When all your prompt engineering efforts don't give good enough results, you can try some alternatives
- Use another model. If you haven't done so already, try a different model with roughly the same or better capabilities. Keep in mind that performance is determined by the combination of model and prompt so you may want to iterate on your best prompt.
- Fine-tune an existing model. You can select examples from your current dataset, or create them by hand.
- Invest in better examples for a few-shot prompt. Think about providing more examples, more diverse examples, and positive vs. negative examples. If you're using RAG, try investing in the retrieval part of the pipeline.
- Use ensembles / mixture of experts. Solve the same task by multiple different prompts / models, then consolidate results with a majority vote or some other mechanism.
- Use automated methods to find a better prompt and / or better examples. For example, the DSPy paper reports performance improvements of 16-40% for their auto-optimized pipelines.

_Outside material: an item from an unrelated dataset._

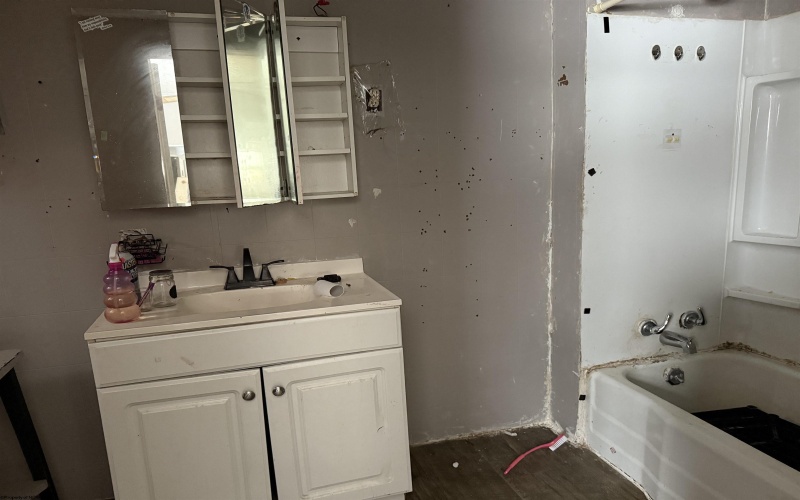 1400 Husky Highway, Fairmont, West Virginia 26554, 3 Bedrooms Bedrooms, 6 Rooms Rooms,1 BathroomBathrooms,Single Family Detached,For Sale,Husky,10162893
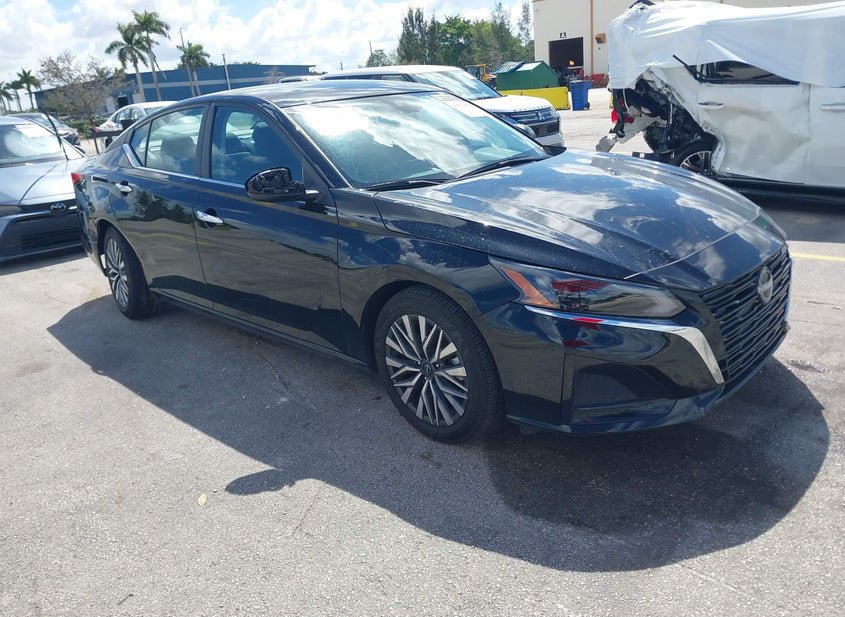 2025 NISSAN ALTIMA SV FWD photo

- Roll your own NLP solution. For some tasks, you don't necessarily need the large language model, it's just much more convenient to use. There is a wide array of more classical NLP methods that you may want to use. You can still let LLMs help you with generating enough labeled data.
- Pause. Seriously, sometimes it may be a viable approach to move on to the next promising application of LLMs. While you do that, something new may come up, like a price drop, a new more advanced model, or some research breakthrough that makes it worth revisiting the task.